GAB 6900 Lugano Grün Anselm
I comandamenti Ed. San Paolo (in fase di pubblicazione) Il famoso benedettino, autore di tanti libri di spiritualità sta offrendoci questa bella serie di libretti sui comandamenti con questo impegno: “Ricorda i comandamenti. Le dieci parole come cammino di spiritualità”. Di questi precetti Grün dice: “I Dieci Comandamenti sono un dono di Dio agli uomini, uno specchio nel quale vedere riflessi la nostra persona e il nostro stato interiore, oltre che una segnaletica universale per la società civile”. E per sottolineare l’attualità del Decalogo, l’autore ad ogni precetto mette un sottotitolo d’attualità: I. Dio è qui; II. Io rendo onore; III. Questo giorno è santo; IV. Io rispetto la mia origine; V. Io voglio vivere; VI. Io sono fedele; VII. Mi basta quello che ho; VIII. Io sono sincero; IX. Il mio amore è puro; X. Io sono riconoscente.

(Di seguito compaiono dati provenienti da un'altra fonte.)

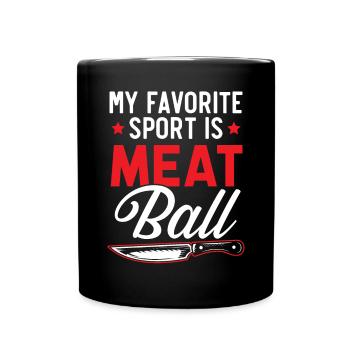 Butcher Sayings Butchery Job Profession Meat Shop - Full Colour Mug - black - Front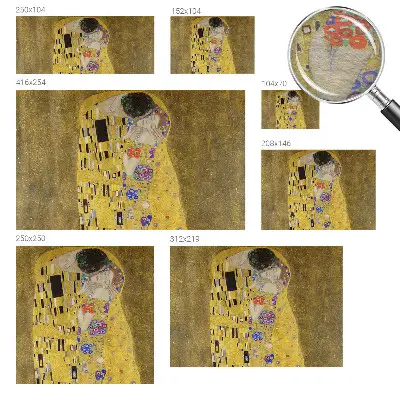 Papier peint panoramique enfant avec motif de couple élégant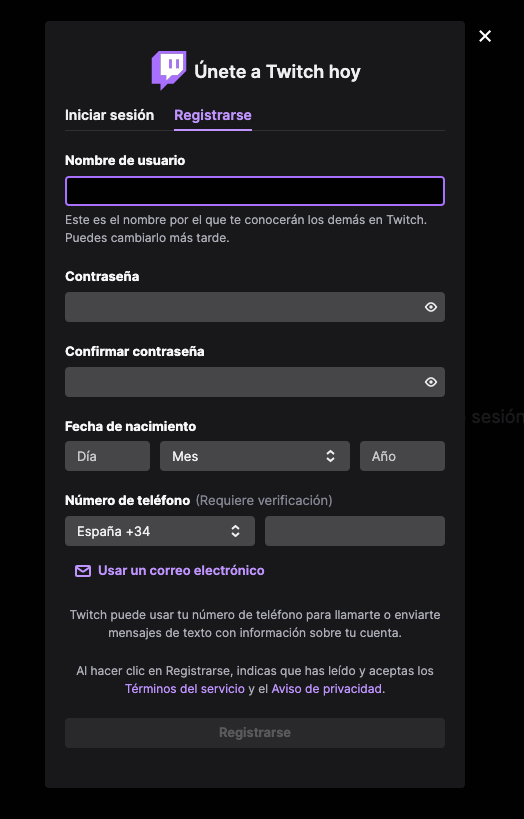 COMO REGISTRARSE EN TWITCH DE FORMA GRATUITA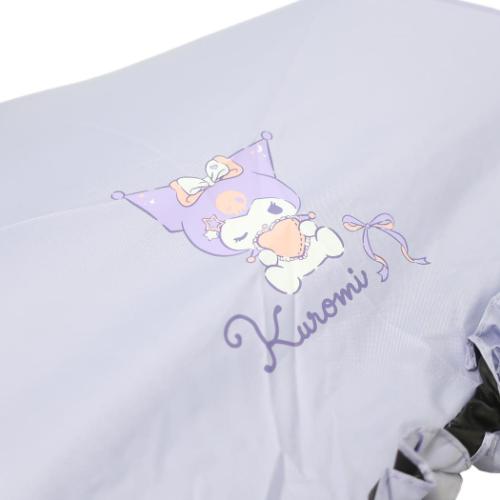 【未使用】おめかし天使 クロミ ショート傘 日傘 晴雨兼用 フリル UVカット クロミ 折りたたみ傘 晴雨兼用折畳傘フリルタイプ[品番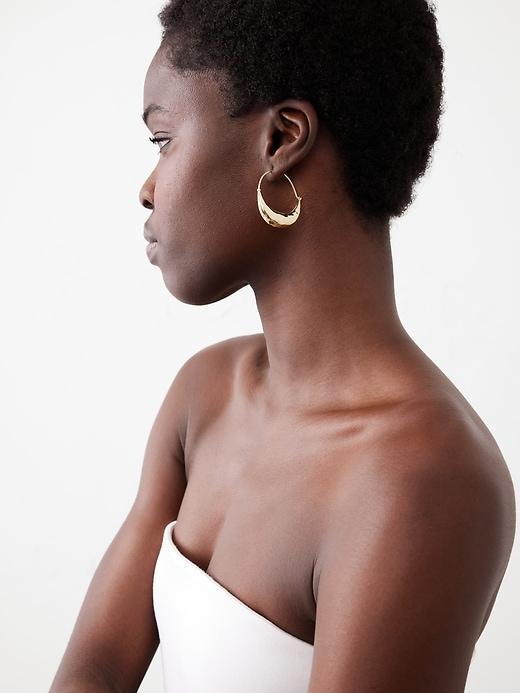 Hammered Flute Earrings Product Image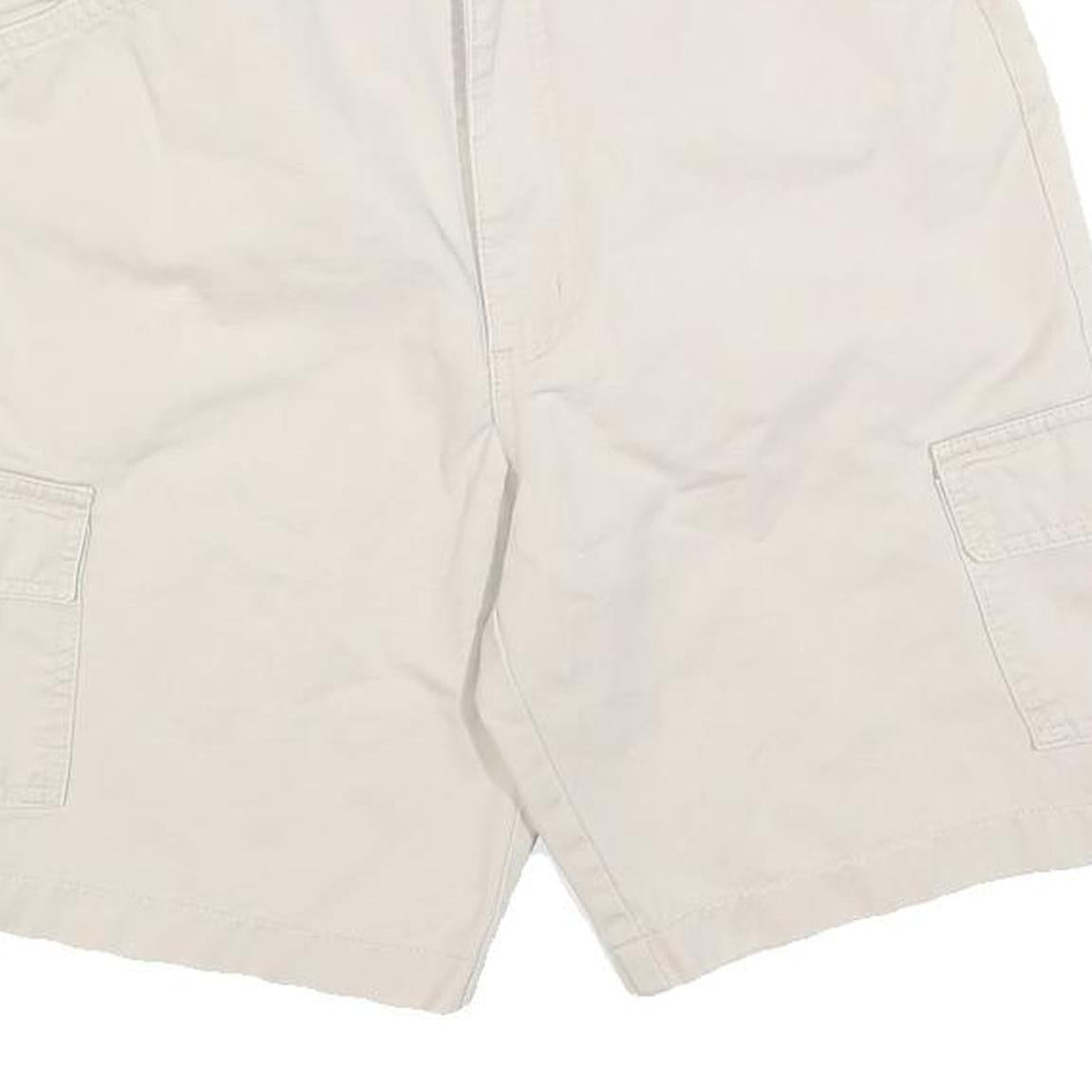 ANGELS Womens Shorts Beige Cargo S W26 Cotton Blend Casual Pockets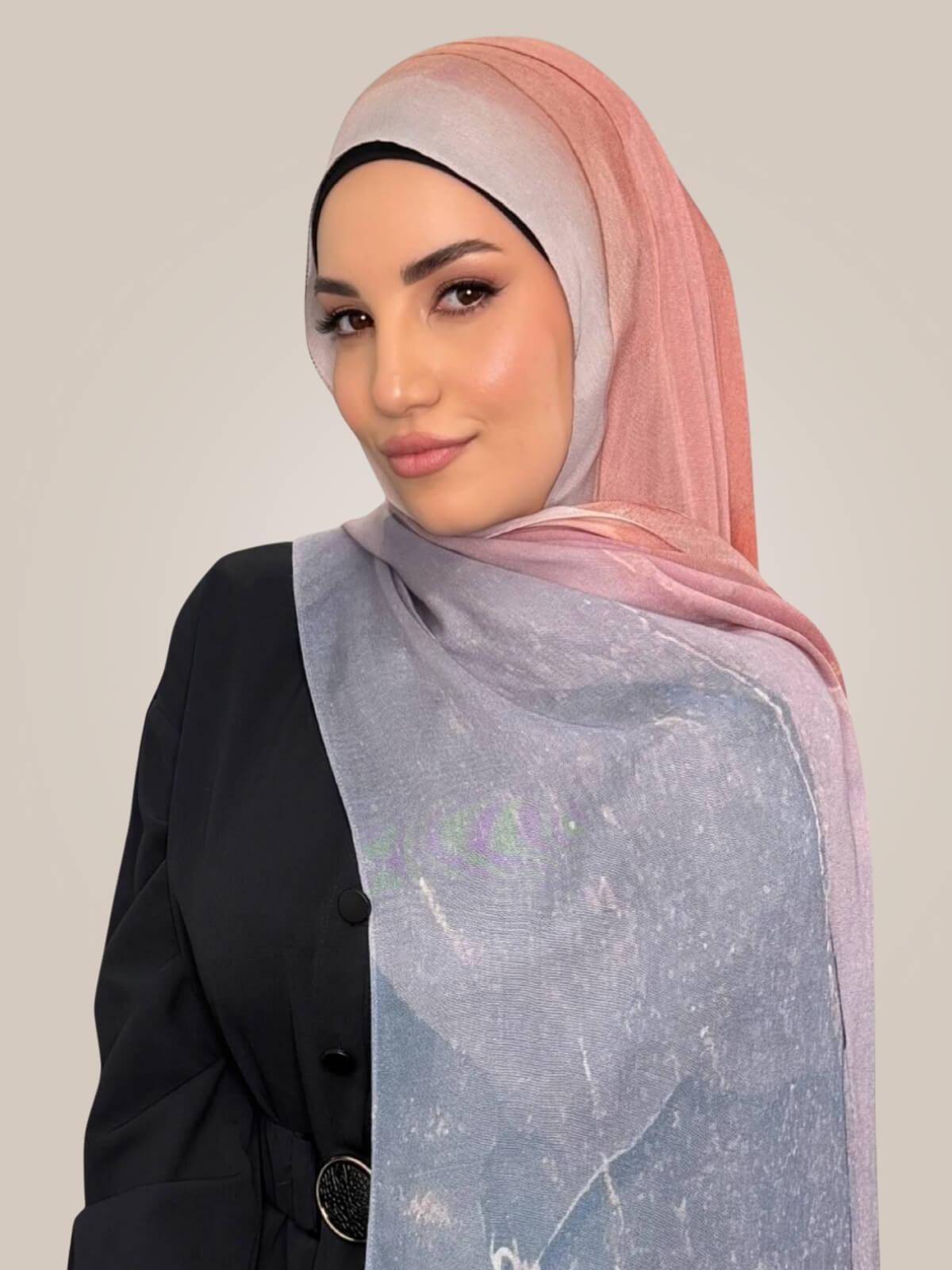 Print Modal Hijab-Petra Rose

In principio. Storie dalla Bibbia Torino, Ed. Elledici Serie completa composta da 26 episodi in 5 DVD con preziosa guida didattica. Al termine di ogni episodio la scheda di approfondimento “Per saperne di più”. Molto spesso i genitori quando ricordo loro il dovere assunto, chiedendo il battesimo per i loro figli, di educarli cristianamente, mi dicono: come facciamo? Rispondo che devono vivere loro da veri cristiani, perché non si può dare quello che non si ha. Oggi, poi, ci sono diversi mezzi didattici molto ben fatti. Ne segnalo uno per raccontare ai bambini le storie dei Vecchio Testamento, riservandomi – per il prossimo numero – di segnalare la continuazione per il Nuovo Testamento. Per quanto riguarda i DVD, si tratta di un linguaggio audiovisivo specifico, immediato, intuitivo, non infantile. La guida didattica suggerisce le dinamiche per l’interiorizzazione di ciò che è stato visto.